> **Problem**
Please copy exactly the lines that begin with the one containing "서울 광화문 일대에 설치된" and end with the last line of the entries.

[Collection entries]
——————————

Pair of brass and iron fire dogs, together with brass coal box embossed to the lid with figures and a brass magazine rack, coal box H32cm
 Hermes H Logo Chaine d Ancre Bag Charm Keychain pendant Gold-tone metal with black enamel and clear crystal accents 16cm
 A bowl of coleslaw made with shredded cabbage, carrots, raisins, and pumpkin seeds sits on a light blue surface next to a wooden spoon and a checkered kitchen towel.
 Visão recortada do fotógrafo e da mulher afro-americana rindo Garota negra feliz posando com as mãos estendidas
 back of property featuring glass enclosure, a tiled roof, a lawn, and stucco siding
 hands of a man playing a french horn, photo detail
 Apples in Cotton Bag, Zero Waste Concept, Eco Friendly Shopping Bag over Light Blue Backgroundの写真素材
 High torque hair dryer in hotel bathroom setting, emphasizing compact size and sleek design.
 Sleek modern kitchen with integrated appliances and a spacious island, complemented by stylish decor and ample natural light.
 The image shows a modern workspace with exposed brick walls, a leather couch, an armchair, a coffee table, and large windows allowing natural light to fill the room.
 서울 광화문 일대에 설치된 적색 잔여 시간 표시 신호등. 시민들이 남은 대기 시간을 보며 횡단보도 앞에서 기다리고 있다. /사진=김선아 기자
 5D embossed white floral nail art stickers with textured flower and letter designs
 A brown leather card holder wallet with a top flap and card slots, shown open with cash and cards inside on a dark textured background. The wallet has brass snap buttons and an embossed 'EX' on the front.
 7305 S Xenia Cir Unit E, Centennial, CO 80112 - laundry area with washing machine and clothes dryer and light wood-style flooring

——————————

> **Answer space**
 서울 광화문 일대에 설치된 적색 잔여 시간 표시 신호등. 시민들이 남은 대기 시간을 보며 횡단보도 앞에서 기다리고 있다. /사진=김선아 기자
 5D embossed white floral nail art stickers with textured flower and letter designs
 A brown leather card holder wallet with a top flap and card slots, shown open with cash and cards inside on a dark textured background. The wallet has brass snap buttons and an embossed 'EX' on the front.
 7305 S Xenia Cir Unit E, Centennial, CO 80112 - laundry area with washing machine and clothes dryer and light wood-style flooring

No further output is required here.